The strange series of events surrounding the KNBC report led the defense to allege that a police officer or laboratory worker with access to the socks had smeared them with Nicole Simpson’s blood and then had predicted the results of the subsequent DNA tests. Seeking to build on that theory, the Simpson team sought access to LAPD Internal Affairs documents as well as the testimony of the two reporters.

The defense never offered more than speculation to support its premise, however, and a plainly skeptical Ito peppered defense lawyer Gerald Uelmen with questions in court Wednesday. Even if the defense could identify the source of the KNBC report, Ito asked, how would that demonstrate that the socks were tampered with?

“The bottom line here is whether or not the leaking of misinformation implies evidence tampering,” Ito said. “That is the bottom line issue.”
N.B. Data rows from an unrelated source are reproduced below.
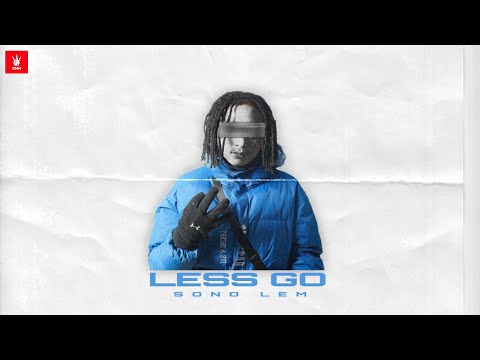 Sono Lem - Less Go | Official Lyrical Video | Dhh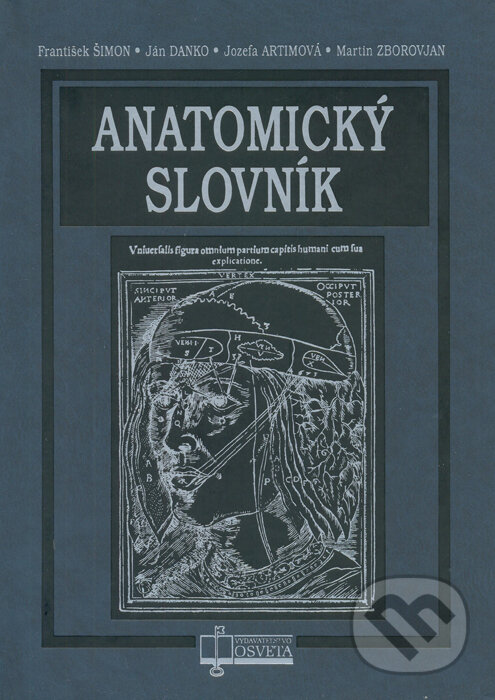 Kniha: Anatomický slovník (František Šimon, Ján Danko, Jozefa Artimová a Martin Zborovjan). Osveta, 2016 Kniha: Anatomický slovník (František Šimon, Ján Danko, Jozefa Artimová a Martin Zborovjan). Osveta, 2016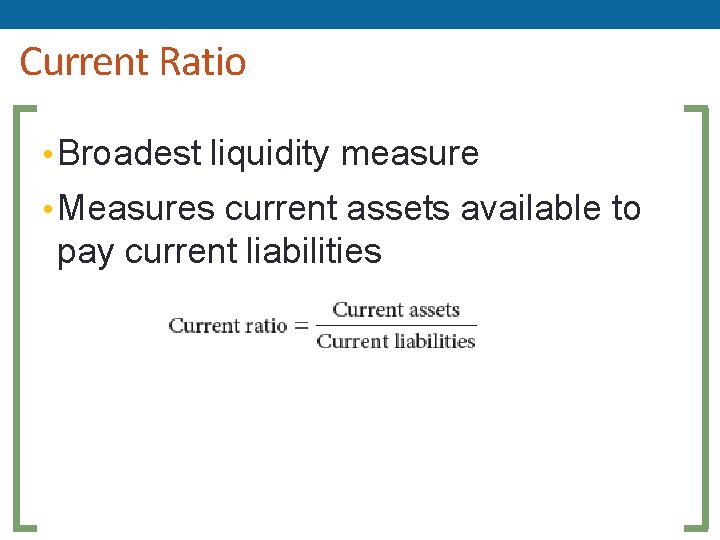 Current Ratio • Broadest liquidity measure • Measures current assets available to pay current Current Ratio • Broadest liquidity measure • Measures current assets available to pay current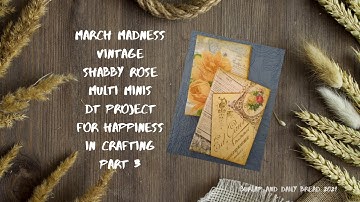 Vintage Shabby Rose Multi Minis Part 3 - DT Project for Happiness in Crafting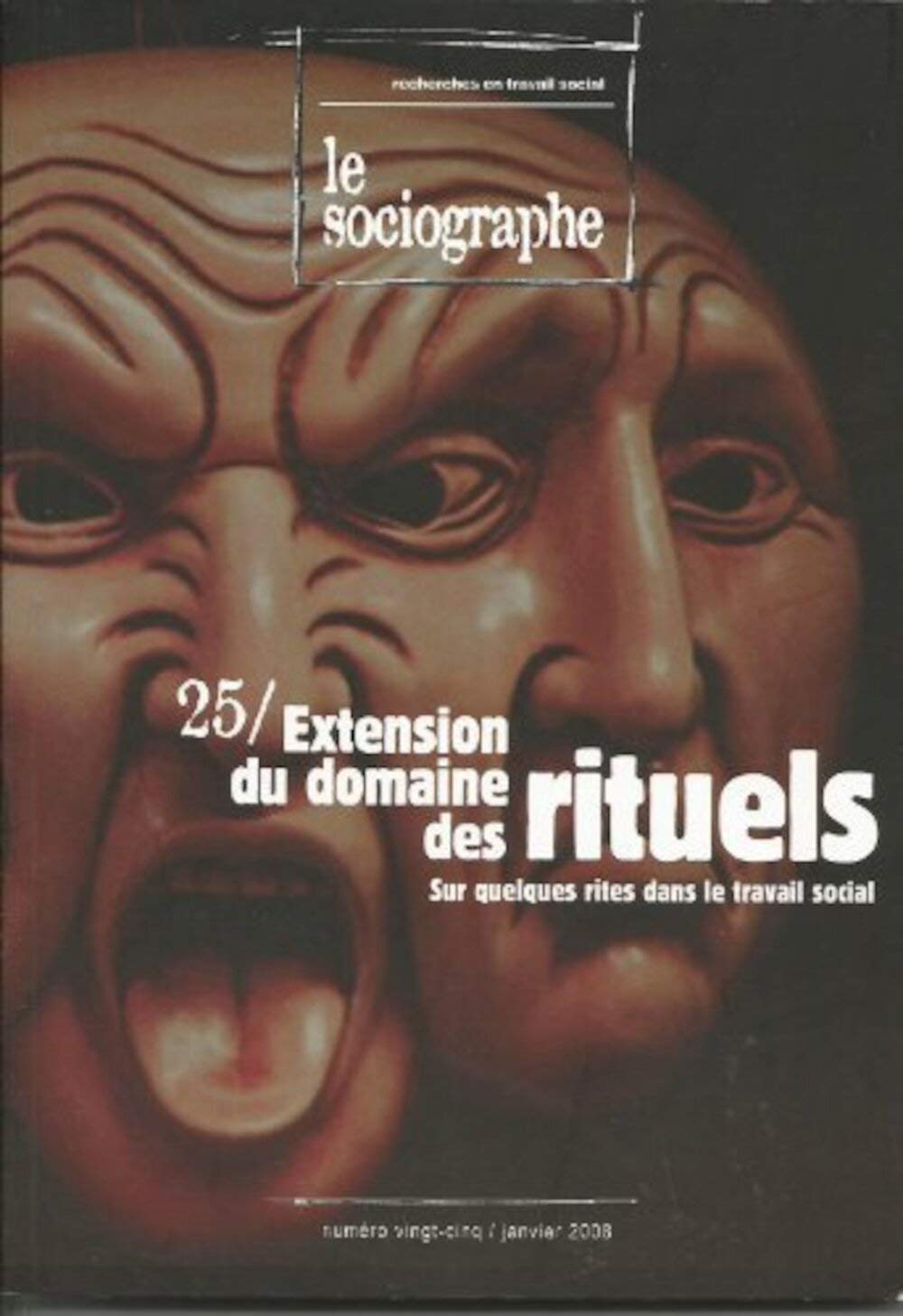 Le sociographe, N° 25 : Extension du domaine des rituels, sur quelques rites dans le travail social 9782952890021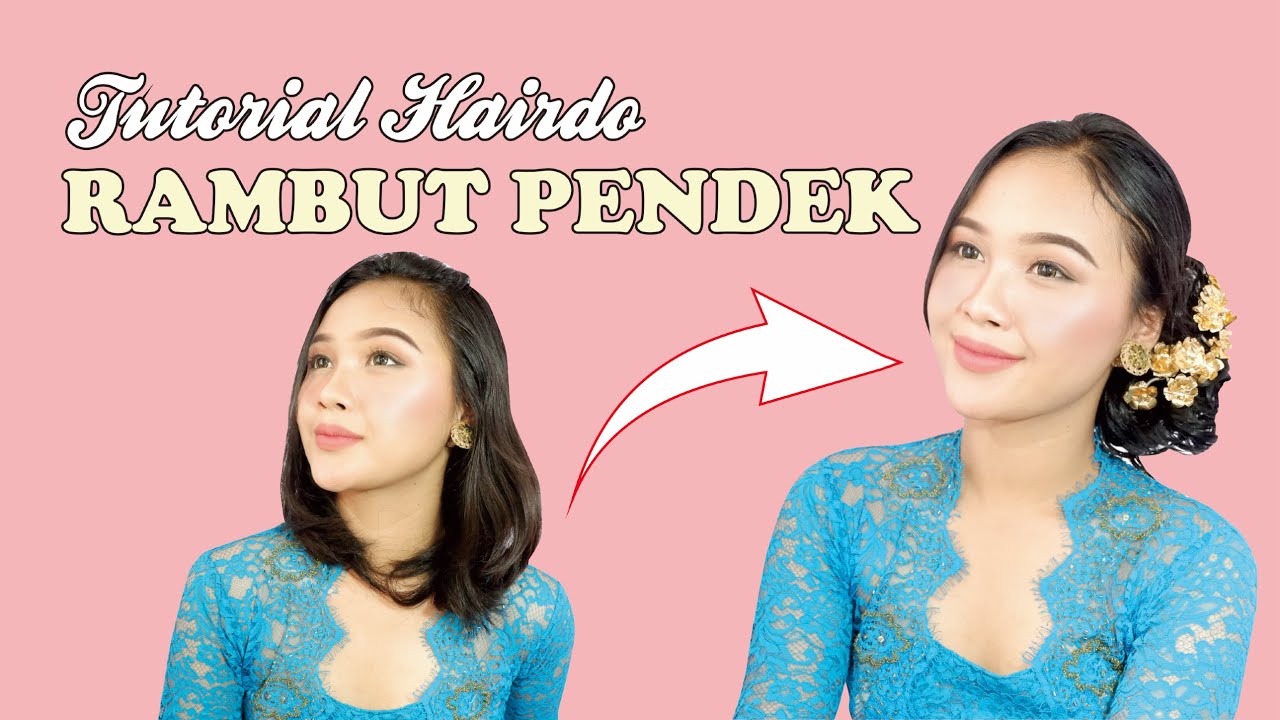 TUTORIAL HAIRDO UNTUK RAMBUT PENDEK (TANPA SASAK, TANPA HAIR SPRAY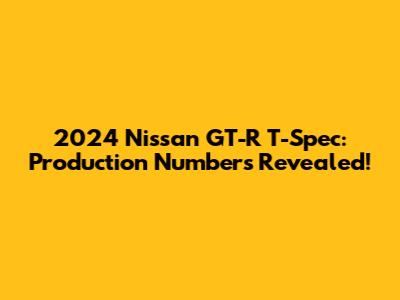 2024 Nissan GT-R T-Spec: Production Numbers Revealed!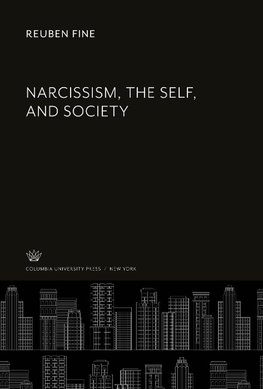 Narcissism, the Self, and Society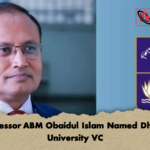Professor ABM Obaidul Islam Named Dhaka University VC Professor ABM Obaidul Islam Named Dhaka University VC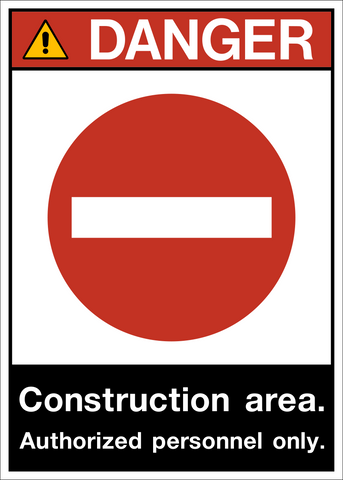 Danger - Construction Area A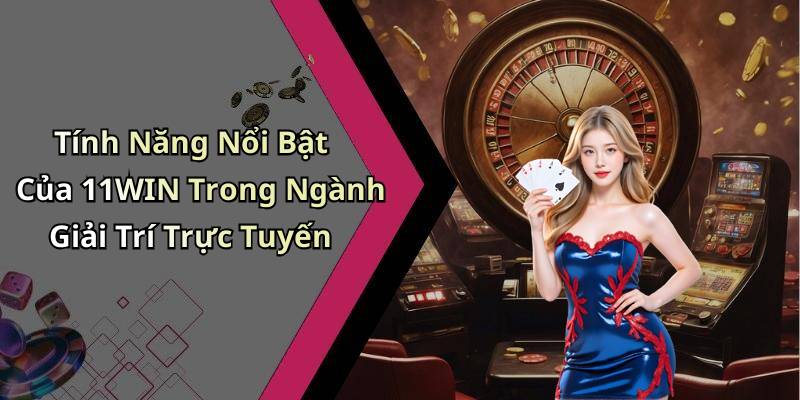 Tính Năng Nổi Bật Của 11WIN Trong Ngành Giải Trí Trực Tuyến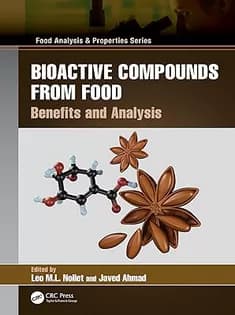 دانلود کتاب Bioactive Compounds from Food: Benefits and Analysis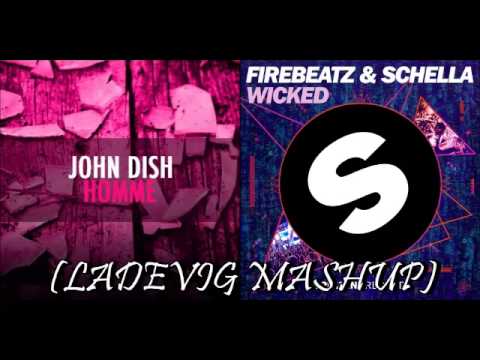 John Dish vs Firebeatz & Schella - Wicked Homme (Ladevig mashup)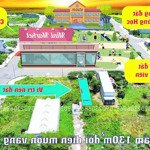 Siêu hot! nền 130m2 chỉ 1tỷ875 - vị trí vàng, đầu tư sinh lời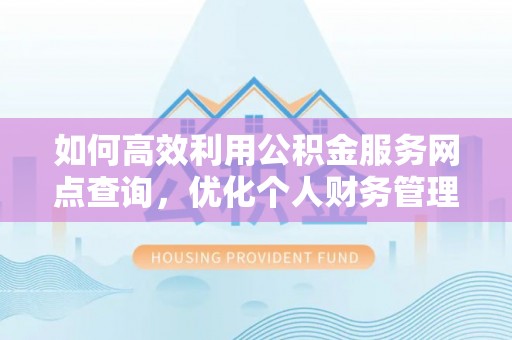 兰坪如何高效利用公积金服务网点查询，优化个人财务管理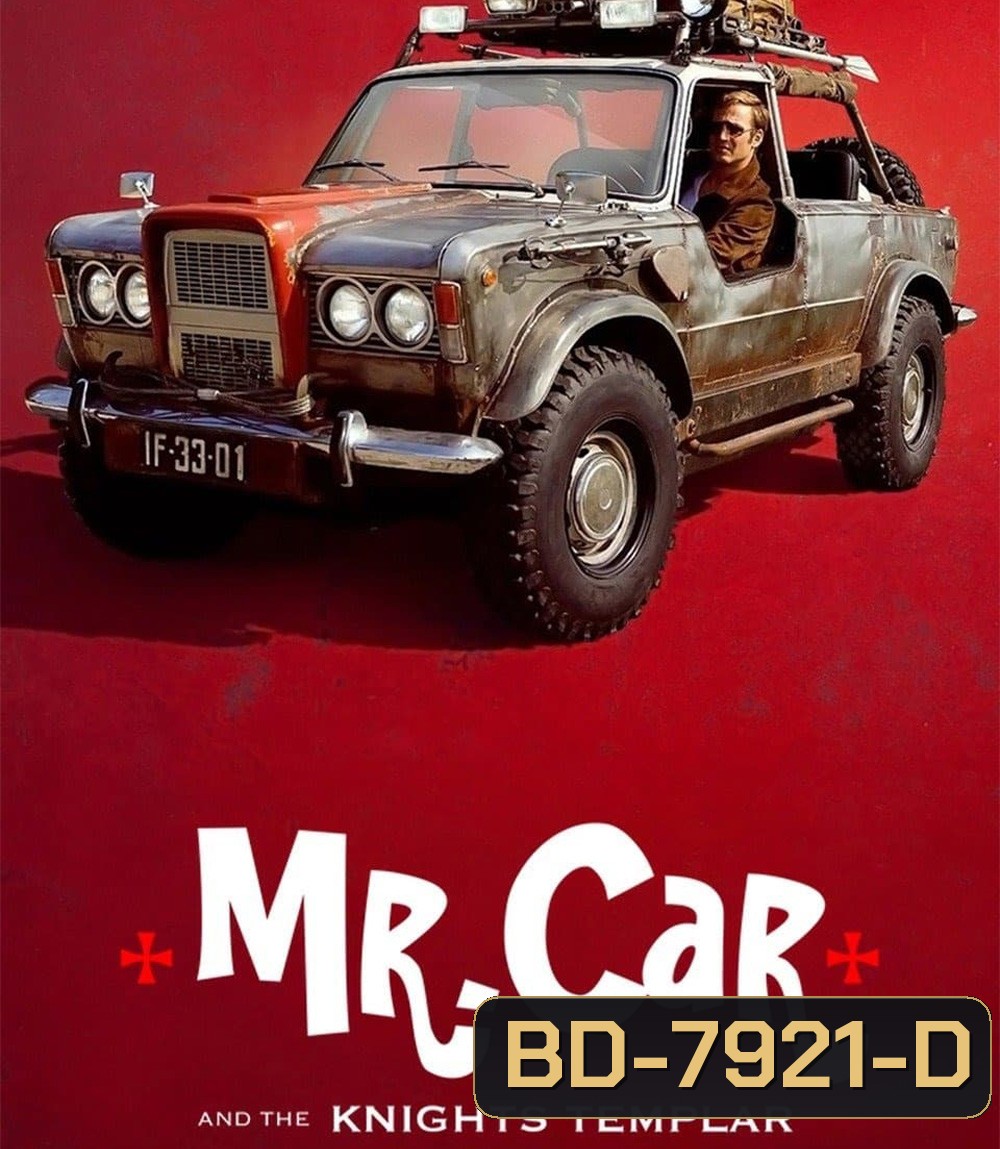 Mr. Car and the Knights Templar (2023) มิสเตอร์คาร์และอัศวินเท็มพลาร์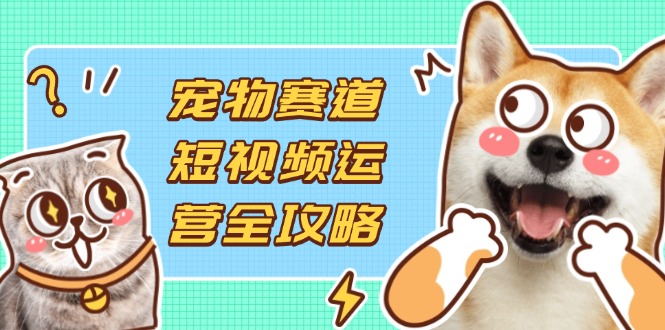 (14345期)宠物赛道短视频运营全攻略,选品拍摄剪辑实操,实现流量到收益转化-新手源码资源站官网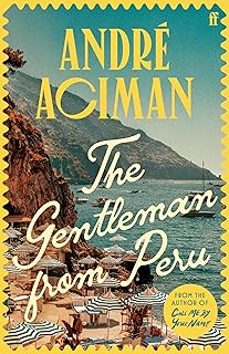 the gentleman from peru-andre aciman-9780571385126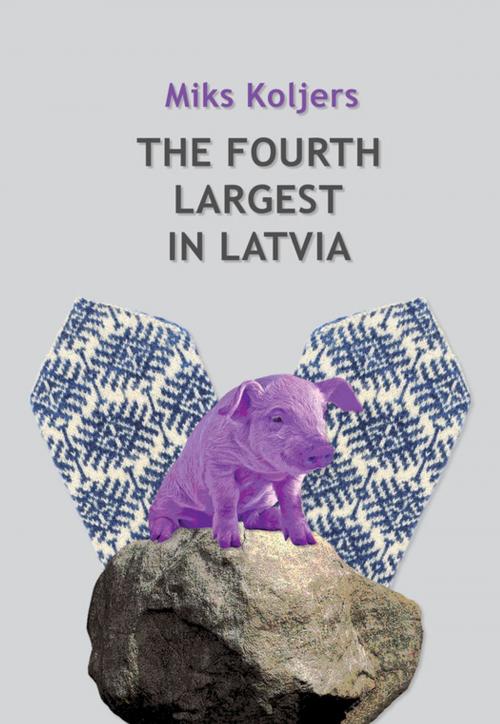 Cover of the book The Fourth Largest In Latvia by Miks Koljers, Lasitava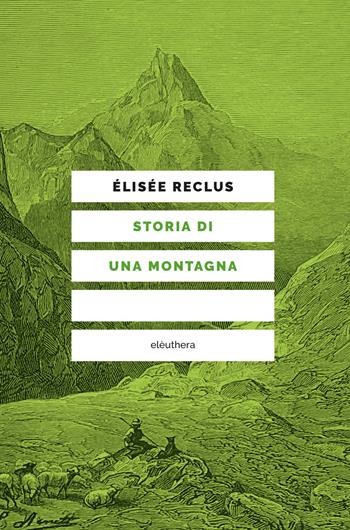Storia di una montagna - Élisée Reclus - Libro Elèuthera 2026 | Libraccio.it
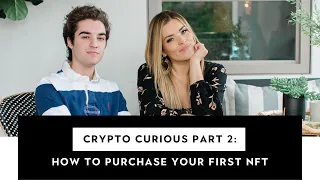Crypto Curious Part 2: How to Purchase Your First NFT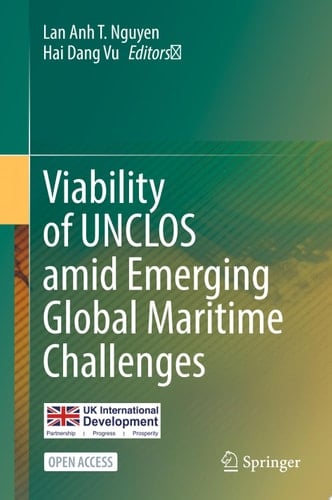 Viability of UNCLOS amid Emerging Global Maritime Challenges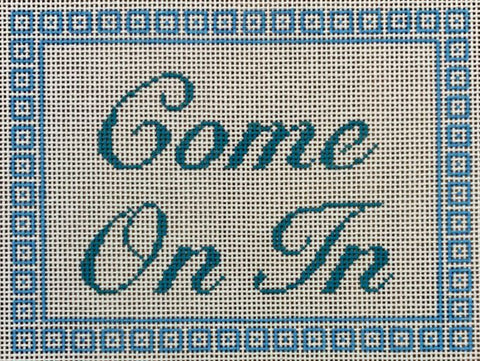 Come On In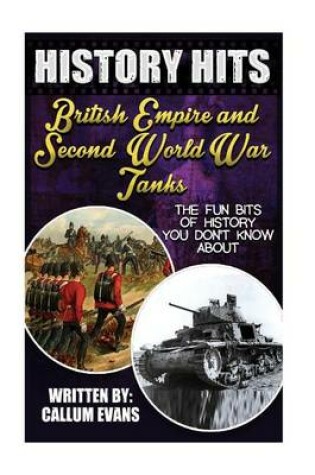 Cover of The Fun Bits of History You Don't Know about British Empire and Second World War Tanks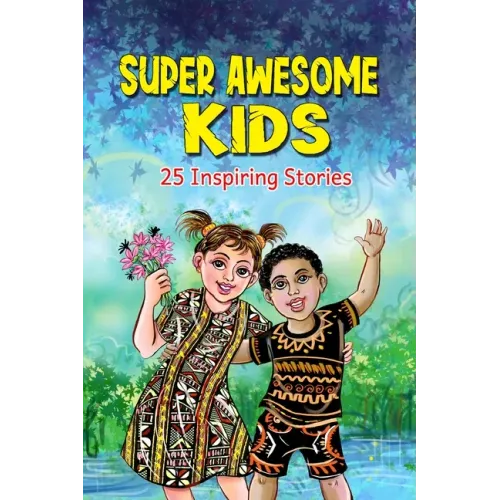 Super Awesome Kids: A Collection Of 25 Short Inspiring Stories Of Awesome Boys and Girls About Kindness, Growth Mindset, Mindfulness, Conf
Picking up on a hypothetical example suggested by Deputy Dist. Atty. Hank Goldberg, Ito said that if the source of the erroneous KNBC story were a police officer overhearing a conversation in an elevator, that would not necessarily suggest that the source had access to evidence.

Uelmen, whose scholarly background and articulate style of argument have made him the defense team’s preeminent motions advocate, struggled to respond as Ito softly posed question after question. Uelmen tried to suggest other scenarios that would make evidence about leaks relevant to the question of Simpson’s guilt or innocence: Elevator gossip, for instance, could signal loose care for the evidence in general.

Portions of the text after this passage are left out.